3. Roll up each strip of lamb belly like a jelly roll, press down to ensure it is packed tightly together, then tie with kitchen twine. You want the rolls to be as tight as possible with no air gaps.
4. Place each roll of lamb into a ziplock bag. Add a glug of olive oil to each, just to take the space of any small air pockets. Remove the air with the water pressure method, or vacuum seal if you have one.
5. Cook the lamb in a 70 degree water bath for 12 hours.
6. Remove the lamb and transfer to an ice bath the cease cooking. It is now ready for finishing, or you could hold it in the refrigerator until use. To finish, cut off 3/4 inch slices of the lamb belly, and sear in a very hot pan with a bit of oil until some nice colour and texture develops, about 3 minutes. Flip and repeat for the other side, then serve.
For the mint and pea puree:
1/2 cup freshly shelled peas
3-4 sprigs of fresh mint leaves
Juice of 1 lemon
1 clove of garlic
1 tbsp good olive oil
Pinch of salt and pepper
1/2 cup of water, to bring puree to the desired consistency
1. Combine all the ingredients except for the water in a food processor. Pulse until it turns into a fine puree.
2. Slowly add water and continue to puree until the mixture is about the same consistency as cream.
To plate, pour the mint and pea puree onto a white plate to make a pancake size circle. Top with a garnish of fresh spring vegetables. I chose simple parboiled potatoes and carrots, finished with a quick pan sear. As a finishing touch, I sprinkled with fresh peas and fava beans in order to really get the feel of spring on the plate. Top the vegetables of your choosing with the beautiful seared lamb belly and serve right away.
3 thoughts on “Sous Vide Lamb Belly with Mint and Pea Puree”
Looks really good. I do agree that lamb belly is hard to find especially in our country.
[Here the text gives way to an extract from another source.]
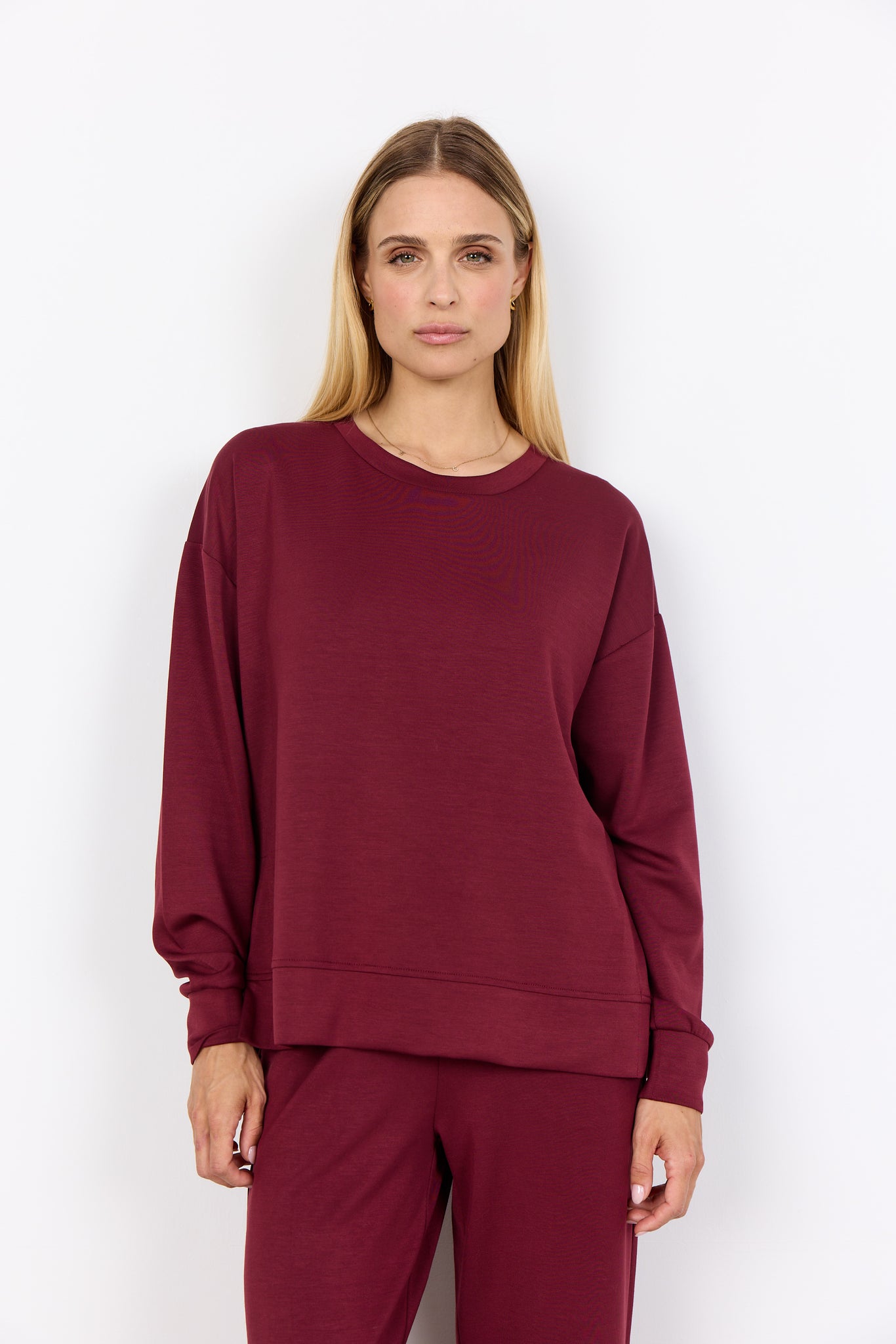 Banu Split Side Pullover Sweater (Dark Red)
Nice recipe! 🙂
Nice recipe, I like the curing method, the flavor combinations and the presentation. Lamb belly is known as lamb breast in these parts. I’ve cooked it sous-vide for 24 hours at 57 degrees and it came out perfectly tender and juicy. What was it like at 70?
Thank you for the kind words!
It was very tender (as you’d expect), had a pink hue, and also maintained a firmer texture. It wasn’t quite fall apart, but I wanted it to hold together a bit for this dish. The curing time and quantity was perfect for seasoning; I would not change the amount of salt or cure time when repeating.
Lamb belly (or breast) was a great discovery. I have already talked to my butcher about getting more, I’m looking forward to experimenting around a bit with some lower temperatures.